Find the line that contains "Todo hacía pensar"; please output it and each line after it, exactly as shown, up to the end of the entries below, skipping pictures.

Start of TASK MATERIAL

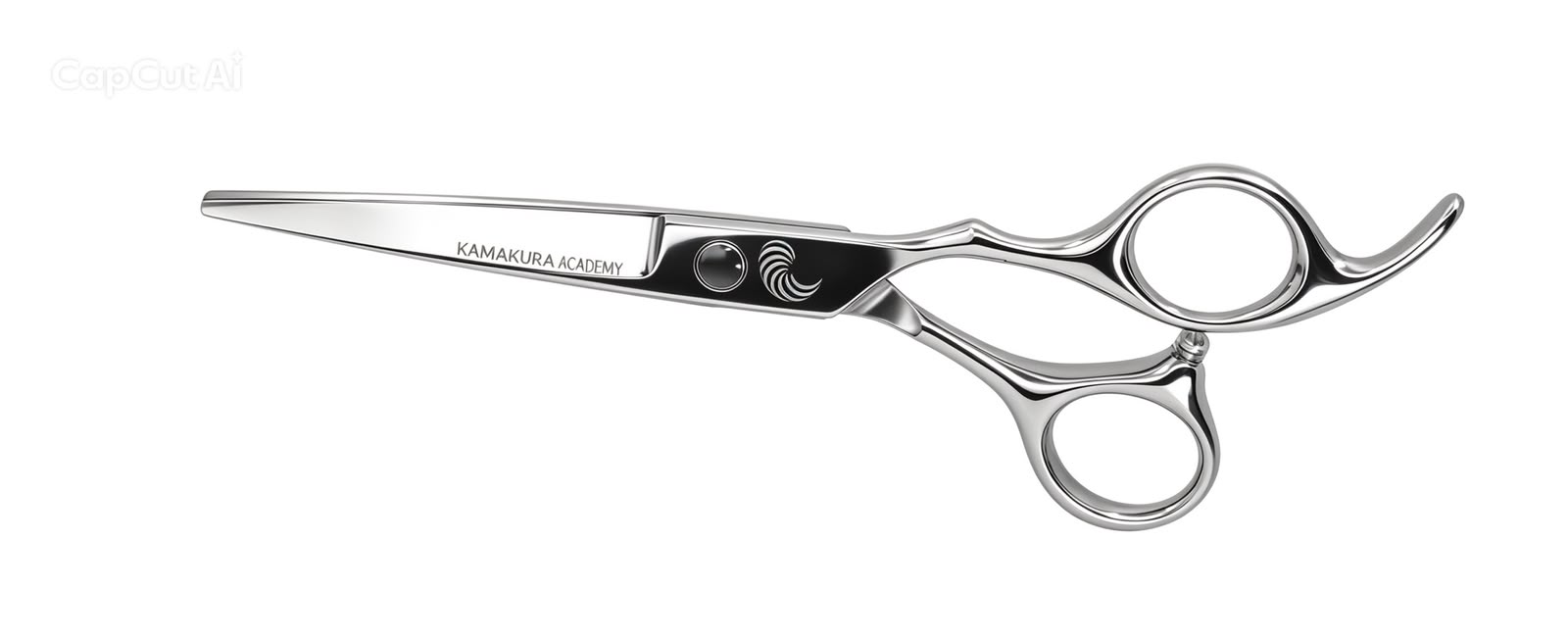 Tijera de peluquería profesional Kamakura Toledo Academy Series 6"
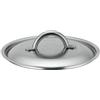 De Buyer acciaio inox Prim Appety Coperchio inossidabile, 3509.24, Diametro cm 24, 10 Unità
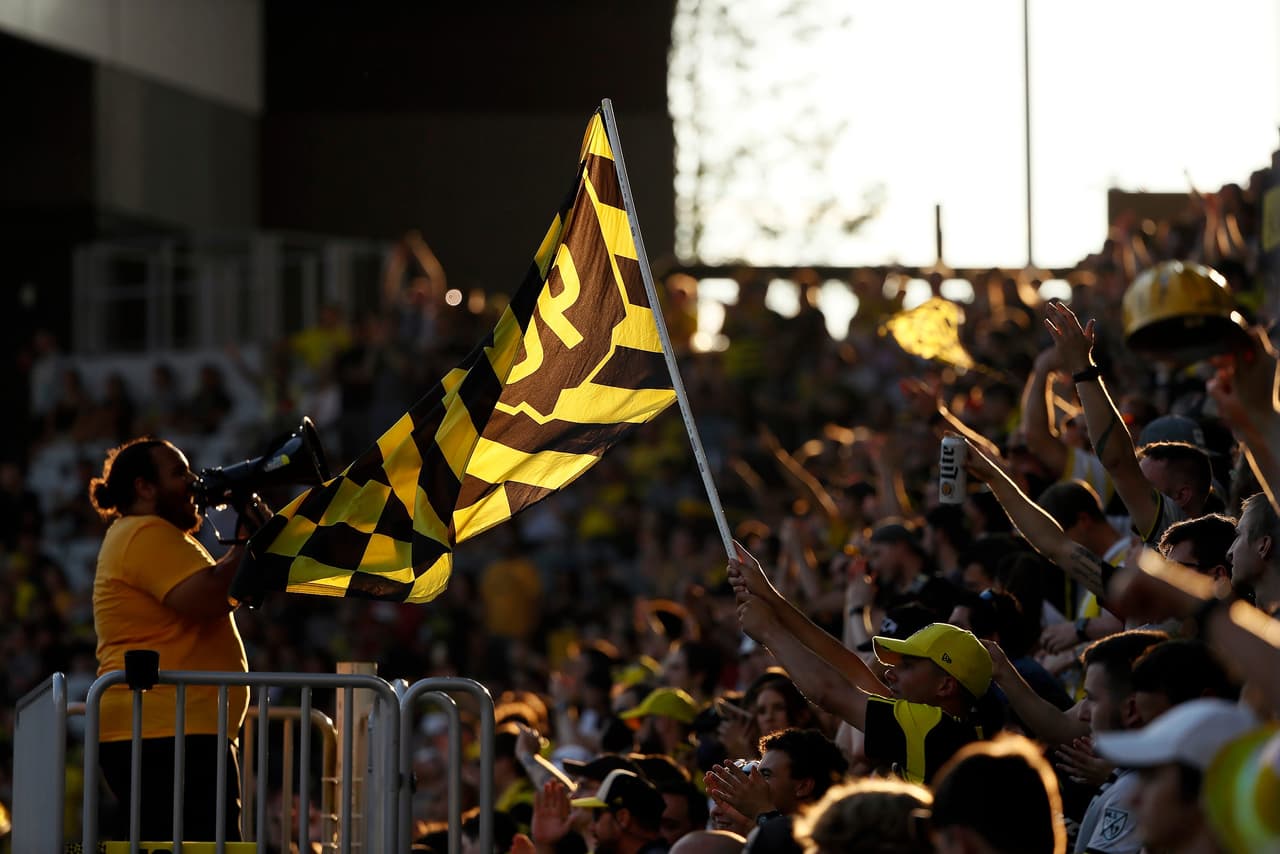 Todo hacía pensar que el Crew podría poner fin a su larga racha de derrotas consecutivas.
<br>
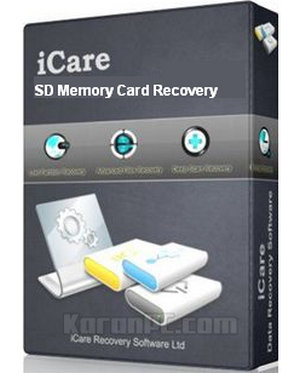 iCare SD Memory Card Recovery 2025 v4.0.1.1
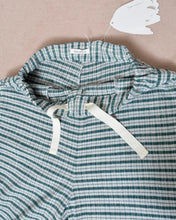 画像をギャラリービューアに読み込む, FLARE WIDE PT / GREEN CHECK / 01 size
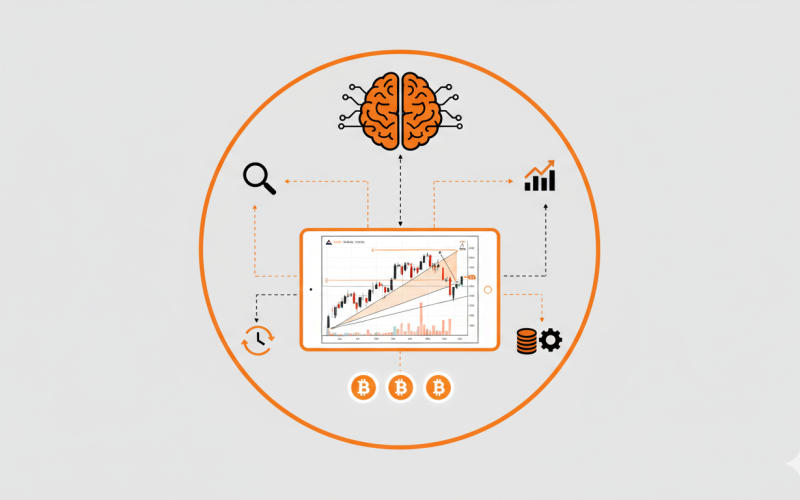 Crypto Trading Pattern Recognition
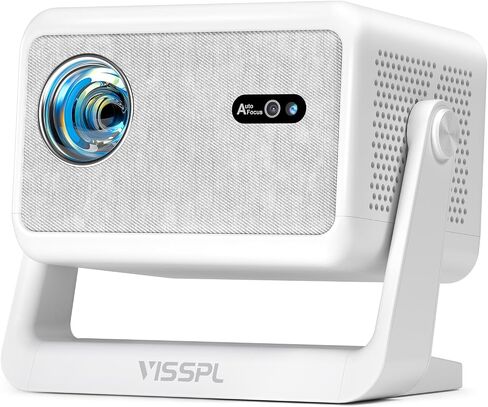 4000 ANSI & Now with Netflix Mini Smart Projector with WiFi and Bluetooth in Kuwait
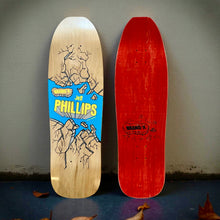 Load image into Gallery viewer, Jeff Phillips BREAKOUT ICARUS Deck 9.5"x32"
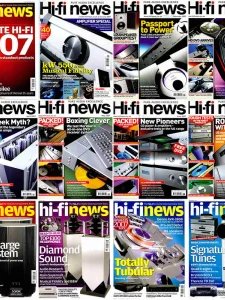 Hi-Fi News - 2007 Full Year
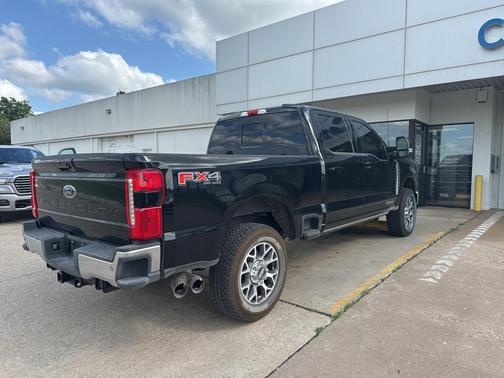 2025 Ford F-250 Lariat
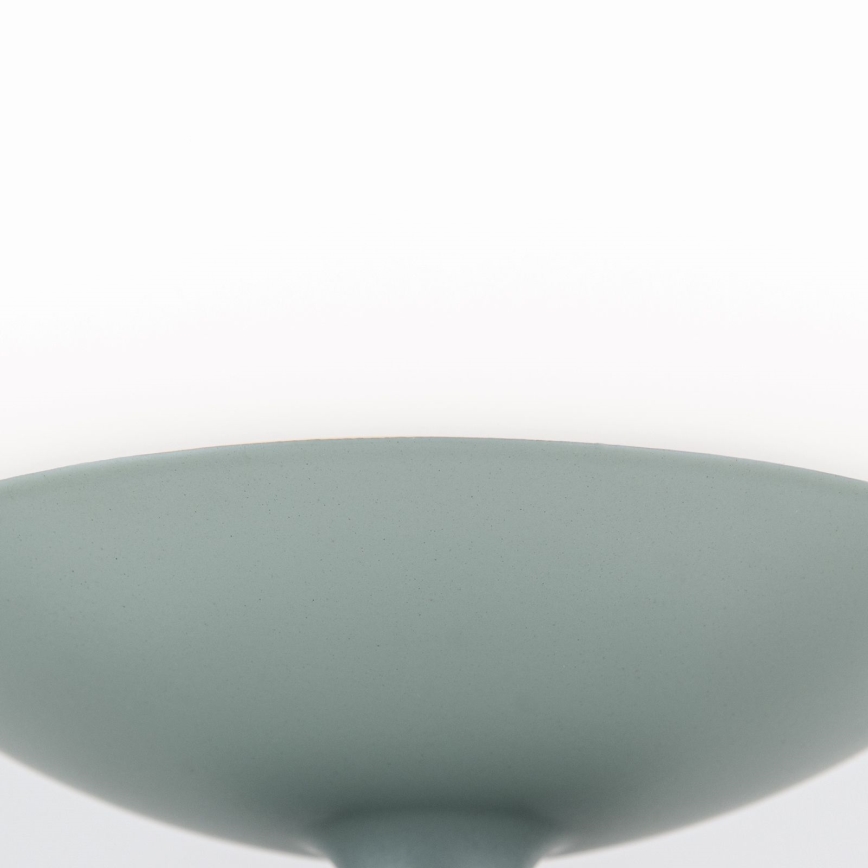 Stolní lampa STANLEY 1xE14/25W/230V keramika/mintová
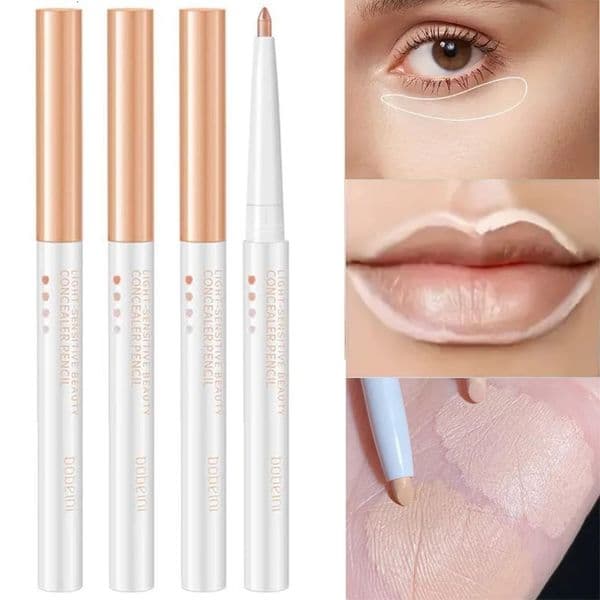 izing eyebrow and lip concealer pen full coverage waterproof contour face scar concealer stick 260521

End of TASK MATERIAL

**OUTPUT**
 Todo hacía pensar que el Crew podría poner fin a su larga racha de derrotas consecutivas.
<br>
 iCare SD Memory Card Recovery 2025 v4.0.1.1
 画像をギャラリービューアに読み込む, FLARE WIDE PT / GREEN CHECK / 01 size
 Crypto Trading Pattern Recognition
 4000 ANSI & Now with Netflix Mini Smart Projector with WiFi and Bluetooth in Kuwait
 Load image into Gallery viewer, Jeff Phillips BREAKOUT ICARUS Deck 9.5"x32"
 Hi-Fi News - 2007 Full Year
 2025 Ford F-250 Lariat
 Stolní lampa STANLEY 1xE14/25W/230V keramika/mintová
 izing eyebrow and lip concealer pen full coverage waterproof contour face scar concealer stick 260521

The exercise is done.